MATERIAL SUPPLIED:
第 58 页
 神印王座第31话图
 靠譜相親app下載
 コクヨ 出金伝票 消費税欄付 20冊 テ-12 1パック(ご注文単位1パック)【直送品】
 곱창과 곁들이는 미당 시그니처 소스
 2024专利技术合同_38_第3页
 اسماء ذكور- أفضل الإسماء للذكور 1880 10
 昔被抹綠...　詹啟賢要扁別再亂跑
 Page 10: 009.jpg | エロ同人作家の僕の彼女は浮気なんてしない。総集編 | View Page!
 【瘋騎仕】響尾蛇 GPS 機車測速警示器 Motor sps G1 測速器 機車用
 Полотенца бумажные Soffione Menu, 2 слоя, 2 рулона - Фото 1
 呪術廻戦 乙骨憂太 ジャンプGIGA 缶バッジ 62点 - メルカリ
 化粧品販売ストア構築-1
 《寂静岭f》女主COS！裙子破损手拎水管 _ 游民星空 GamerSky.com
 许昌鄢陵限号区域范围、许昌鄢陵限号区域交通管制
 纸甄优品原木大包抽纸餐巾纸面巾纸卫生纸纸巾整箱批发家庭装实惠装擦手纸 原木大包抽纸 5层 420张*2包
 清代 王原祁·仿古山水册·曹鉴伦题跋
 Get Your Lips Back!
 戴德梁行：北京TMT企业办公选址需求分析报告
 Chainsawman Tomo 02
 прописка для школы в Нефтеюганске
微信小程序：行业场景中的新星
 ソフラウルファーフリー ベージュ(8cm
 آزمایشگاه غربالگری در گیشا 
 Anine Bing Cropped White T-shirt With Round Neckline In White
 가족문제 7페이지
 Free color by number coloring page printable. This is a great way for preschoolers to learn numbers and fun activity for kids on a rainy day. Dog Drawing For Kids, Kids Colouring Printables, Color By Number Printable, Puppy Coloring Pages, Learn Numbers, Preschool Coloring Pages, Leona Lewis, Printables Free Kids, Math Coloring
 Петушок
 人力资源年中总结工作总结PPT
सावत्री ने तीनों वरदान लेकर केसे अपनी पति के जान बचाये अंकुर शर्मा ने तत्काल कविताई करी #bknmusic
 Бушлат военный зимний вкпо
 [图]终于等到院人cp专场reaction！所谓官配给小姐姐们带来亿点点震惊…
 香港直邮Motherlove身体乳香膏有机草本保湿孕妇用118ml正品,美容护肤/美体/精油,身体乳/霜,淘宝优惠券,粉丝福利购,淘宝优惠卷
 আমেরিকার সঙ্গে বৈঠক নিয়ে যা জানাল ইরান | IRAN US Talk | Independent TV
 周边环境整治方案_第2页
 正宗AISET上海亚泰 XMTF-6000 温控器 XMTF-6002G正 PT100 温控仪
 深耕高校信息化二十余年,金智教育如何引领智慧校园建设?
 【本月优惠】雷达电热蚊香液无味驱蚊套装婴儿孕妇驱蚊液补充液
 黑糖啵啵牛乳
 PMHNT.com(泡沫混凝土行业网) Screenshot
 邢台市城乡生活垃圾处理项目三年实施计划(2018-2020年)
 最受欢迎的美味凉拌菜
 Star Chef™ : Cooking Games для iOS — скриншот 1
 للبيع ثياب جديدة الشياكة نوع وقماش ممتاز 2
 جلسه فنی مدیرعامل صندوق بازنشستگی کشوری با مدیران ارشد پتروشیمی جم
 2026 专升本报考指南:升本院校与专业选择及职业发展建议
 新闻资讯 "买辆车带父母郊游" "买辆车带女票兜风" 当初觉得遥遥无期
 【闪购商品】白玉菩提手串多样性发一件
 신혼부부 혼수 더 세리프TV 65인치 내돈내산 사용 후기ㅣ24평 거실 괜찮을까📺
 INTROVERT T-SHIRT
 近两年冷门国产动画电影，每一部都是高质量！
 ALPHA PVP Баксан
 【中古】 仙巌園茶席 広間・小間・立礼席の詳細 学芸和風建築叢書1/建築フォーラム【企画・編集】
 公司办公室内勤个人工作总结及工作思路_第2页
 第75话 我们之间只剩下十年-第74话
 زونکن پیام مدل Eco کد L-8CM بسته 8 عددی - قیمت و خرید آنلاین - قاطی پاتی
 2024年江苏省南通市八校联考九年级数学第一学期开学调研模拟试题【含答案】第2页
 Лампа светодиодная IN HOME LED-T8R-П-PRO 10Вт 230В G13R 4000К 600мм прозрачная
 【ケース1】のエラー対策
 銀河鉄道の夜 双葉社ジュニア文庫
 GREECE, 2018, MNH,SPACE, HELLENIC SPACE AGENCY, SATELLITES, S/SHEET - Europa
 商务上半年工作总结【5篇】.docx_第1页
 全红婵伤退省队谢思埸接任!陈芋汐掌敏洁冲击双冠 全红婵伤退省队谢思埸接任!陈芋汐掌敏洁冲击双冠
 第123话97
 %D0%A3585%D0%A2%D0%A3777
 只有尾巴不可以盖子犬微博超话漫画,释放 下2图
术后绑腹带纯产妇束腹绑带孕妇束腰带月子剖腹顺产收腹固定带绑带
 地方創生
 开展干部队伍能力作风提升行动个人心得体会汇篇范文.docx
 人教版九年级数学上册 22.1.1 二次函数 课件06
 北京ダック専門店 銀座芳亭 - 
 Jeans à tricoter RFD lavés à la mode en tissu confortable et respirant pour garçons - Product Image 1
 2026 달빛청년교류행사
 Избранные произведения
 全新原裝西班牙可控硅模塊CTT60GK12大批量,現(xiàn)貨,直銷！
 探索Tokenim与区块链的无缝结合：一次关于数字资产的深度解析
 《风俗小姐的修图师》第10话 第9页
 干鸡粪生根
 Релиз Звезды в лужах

INSTRUCTIONS FOR THE TASK: Reproduce, word for word and in full, only the lines above that start at the line with "Star Chef™ : Cooking" and run through the line with "第75话 我们之间只剩下十年-第74话", both ends included.

ANSWER TO THE EXERCISE:
 Star Chef™ : Cooking Games для iOS — скриншот 1
 للبيع ثياب جديدة الشياكة نوع وقماش ممتاز 2
 جلسه فنی مدیرعامل صندوق بازنشستگی کشوری با مدیران ارشد پتروشیمی جم
 2026 专升本报考指南:升本院校与专业选择及职业发展建议
 新闻资讯 "买辆车带父母郊游" "买辆车带女票兜风" 当初觉得遥遥无期
 【闪购商品】白玉菩提手串多样性发一件
 신혼부부 혼수 더 세리프TV 65인치 내돈내산 사용 후기ㅣ24평 거실 괜찮을까📺
 INTROVERT T-SHIRT
 近两年冷门国产动画电影，每一部都是高质量！
 ALPHA PVP Баксан
 【中古】 仙巌園茶席 広間・小間・立礼席の詳細 学芸和風建築叢書1/建築フォーラム【企画・編集】
 公司办公室内勤个人工作总结及工作思路_第2页
 第75话 我们之间只剩下十年-第74话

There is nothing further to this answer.